Zhuoyan Luo,Fengyuan Shi,Yixiao Ge,Yujiu Yang,Limin Wang,Ying Shan
2024-09-07
Abstract:We present Open-MAGVIT2, a family of auto-regressive image generation models ranging from 300M to 1.5B. The Open-MAGVIT2 project produces an open-source replication of Google's MAGVIT-v2 tokenizer, a tokenizer with a super-large codebook (i.e., $2^{18}$ codes), and achieves the state-of-the-art reconstruction performance (1.17 rFID) on ImageNet $256 \times 256$. Furthermore, we explore its application in plain auto-regressive models and validate scalability properties. To assist auto-regressive models in predicting with a super-large vocabulary, we factorize it into two sub-vocabulary of different sizes by asymmetric token factorization, and further introduce "next sub-token prediction" to enhance sub-token interaction for better generation quality. We release all models and codes to foster innovation and creativity in the field of auto-regressive visual generation.
Computer Vision and Pattern Recognition,Artificial Intelligence
What problem does this paper attempt to address?

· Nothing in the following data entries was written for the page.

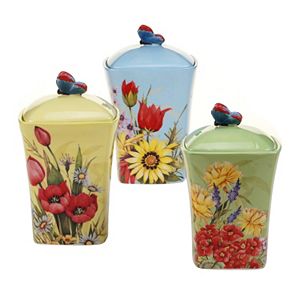 Certified International Floral Bouquet 3-pc. Ceramic Canister Set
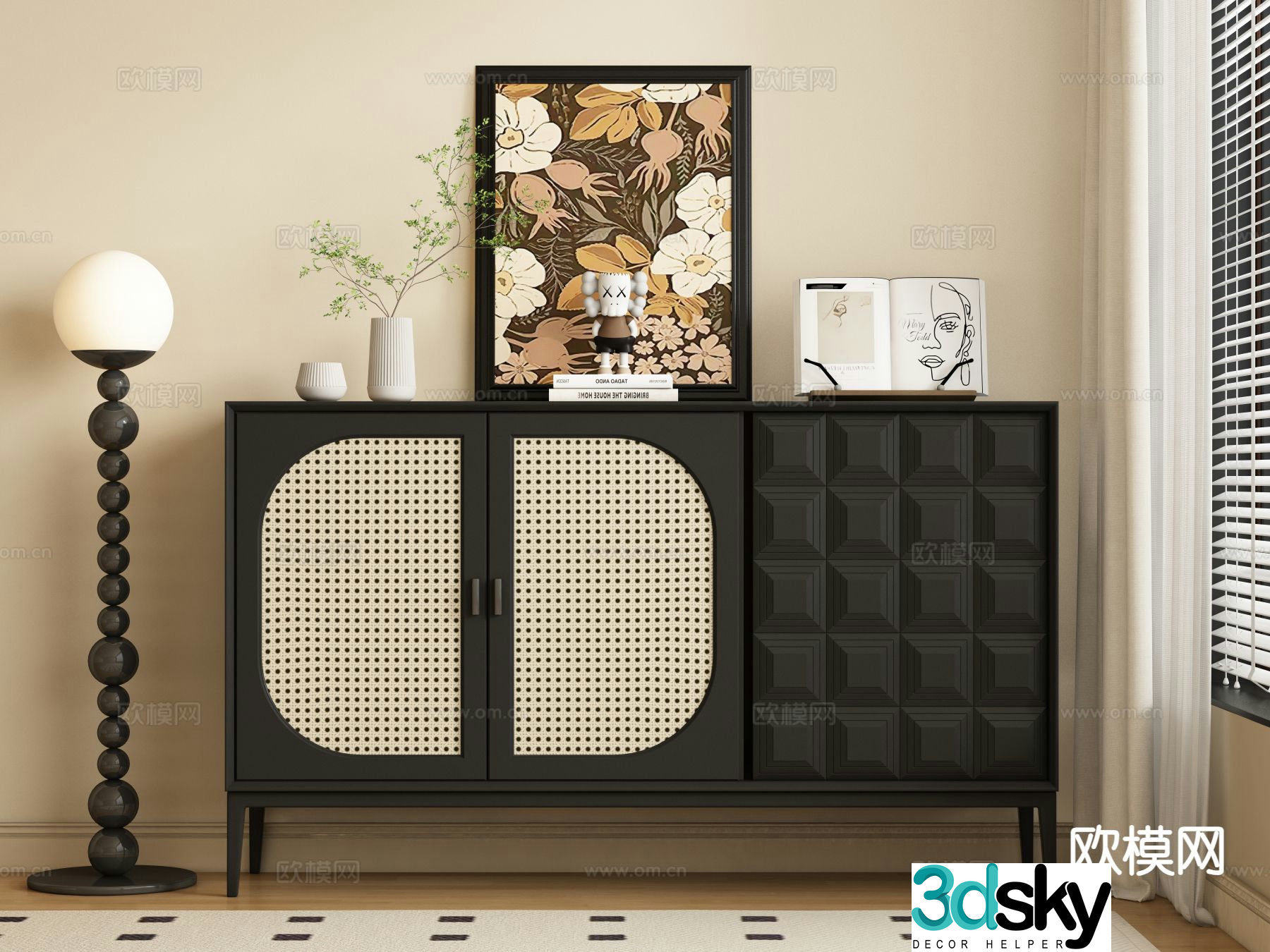 Medieval style side cabinet and entrance cabinet 3D model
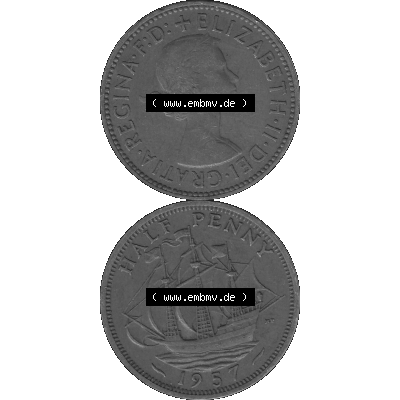 Alte Münze Großbritannien Umlaufmünze Half Penny, 1/2 Pence 1954-1970, Half Penny, Halber Pence 1957-01, Elisabeth II. - Schriftzug ELIZABETH II DEI GRATIA... Sammlung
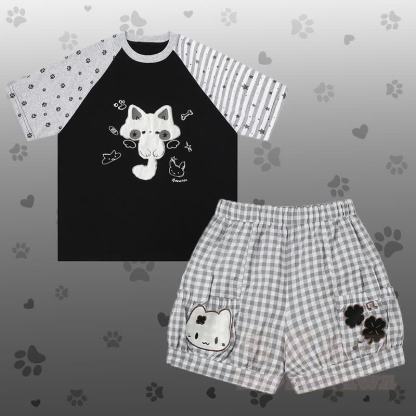 Raglan-T-Shirt mit Katzenmotiv, karierte Shorts und passendes Outfit von Modakawa - Satz A - L - image 1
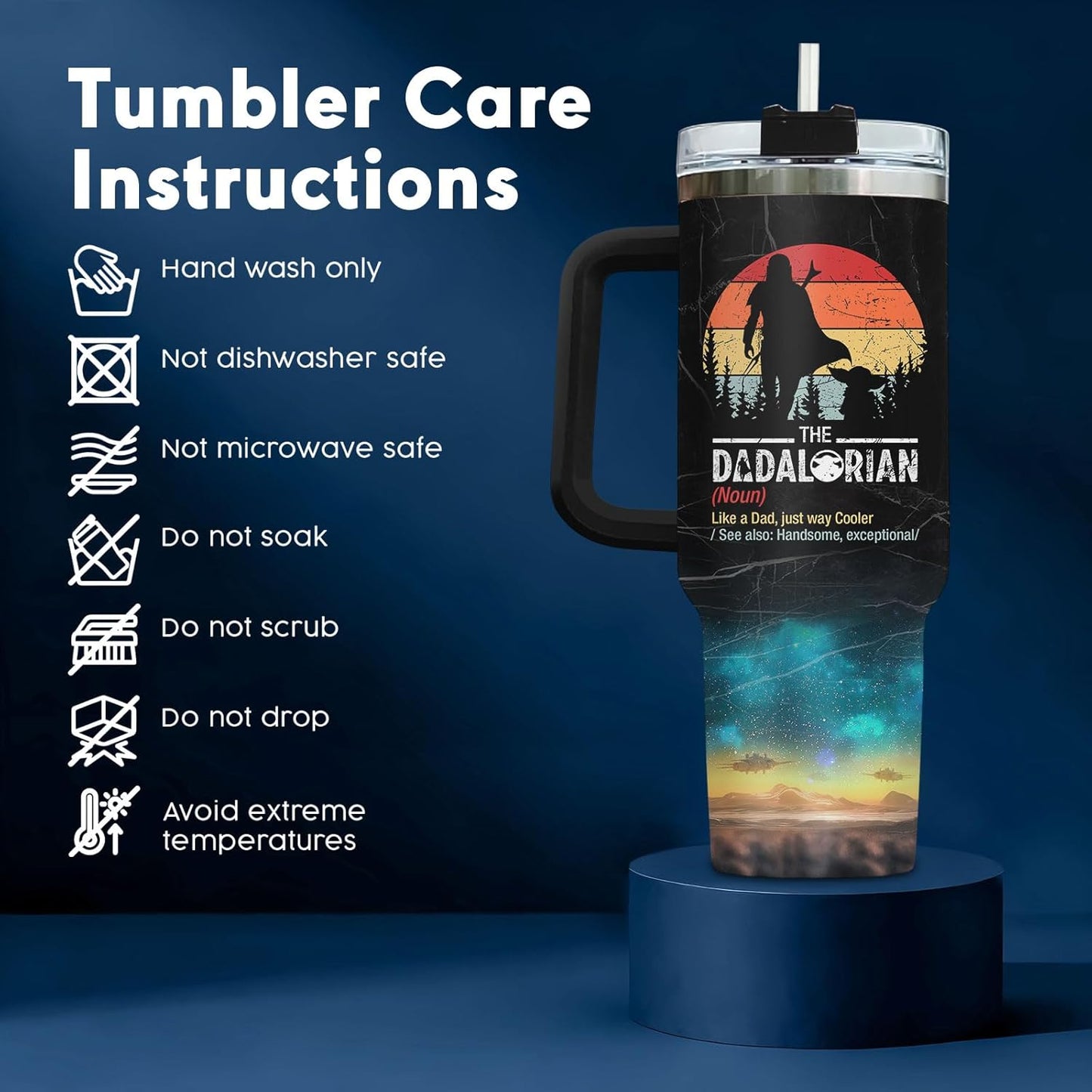Dad Dadman Funny 40 oz Tumbler with Handle, Funny Dad Gift | Gift for Dad Tumbler 40oz, Cool Dadman Travel Mug, Funny Superhero Birthday from Daughter Son - Colors A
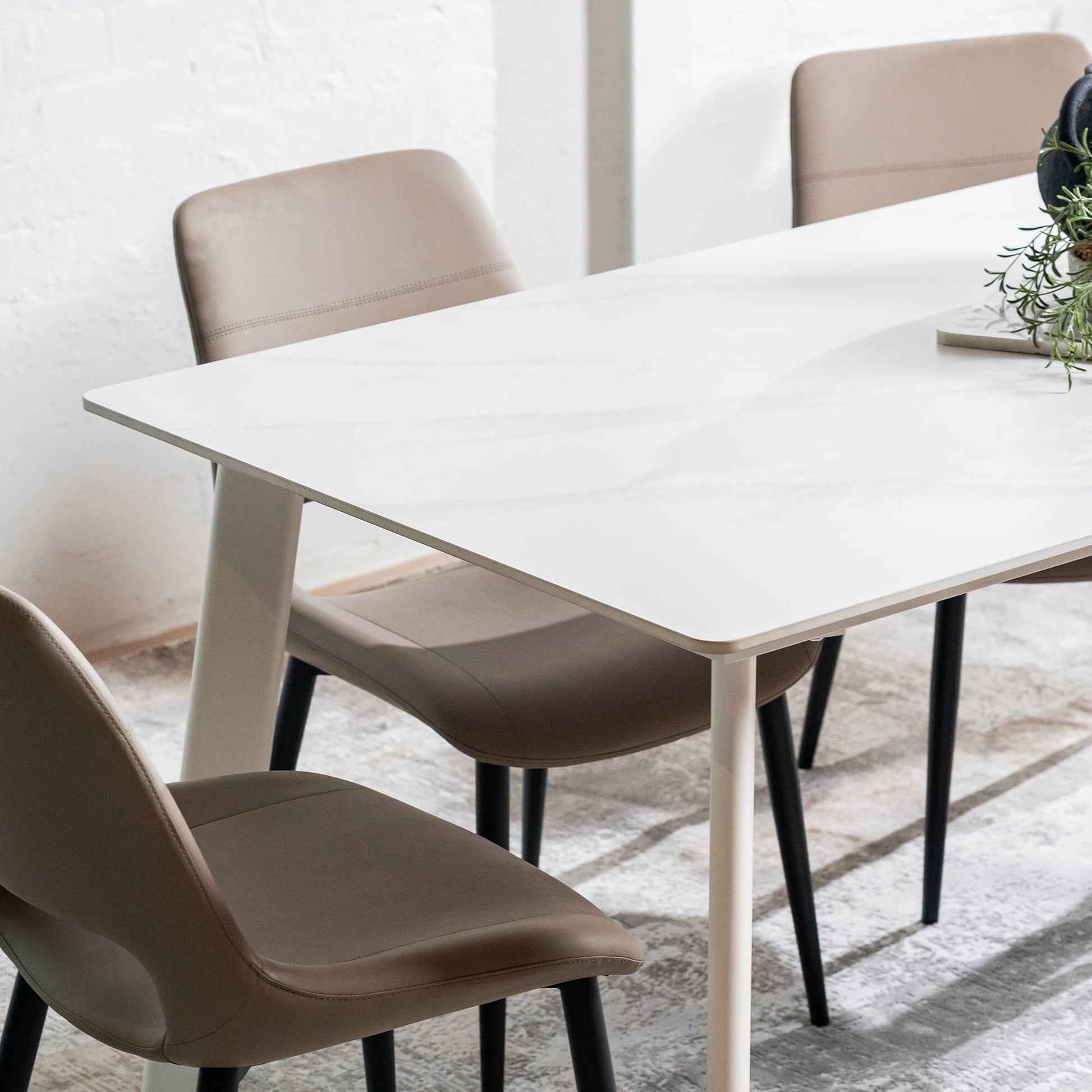 Bellinger | Modern Wooden Ceramic Snow White 1.8m Dining Table | White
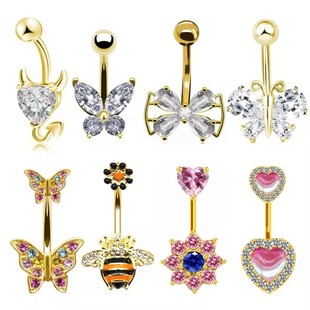 Gaibei Europe and the United States cross-border butterfly belly button ring multicolored diamond nail heart-shaped small flower bee belly button ring factory spot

The main goal of this paper is to advance the development of autoregressive image generation technology. Specifically, the paper addresses the following issues: 1. **Reproduction of Visual Tokenizer**: The paper re-implements the advanced Lookup-Free Quantizer proposed in MAGVIT-v2 and achieves reconstruction performance on the ImageNet dataset comparable to MAGVIT-v2. This is accomplished by using an ultra-large codebook (2^18 codes), which is a significant achievement for the academic community. 2. **Autoregressive Generation with Ultra-Large Codebook**: To assist autoregressive models in predicting within an ultra-large vocabulary, the authors introduce an asymmetric token factorization technique and propose the "next sub-token prediction" method to enhance interactions between sub-tokens, thereby improving generation quality. Through these improvements, the paper demonstrates that with a powerful tokenizer, simple autoregressive models exhibit superiority and scalability on the standard ImageNet dataset. Experimental results show that Open-MAGVIT2 outperforms previous methods on multiple metrics, particularly excelling in image generation tasks at 256×256 resolution.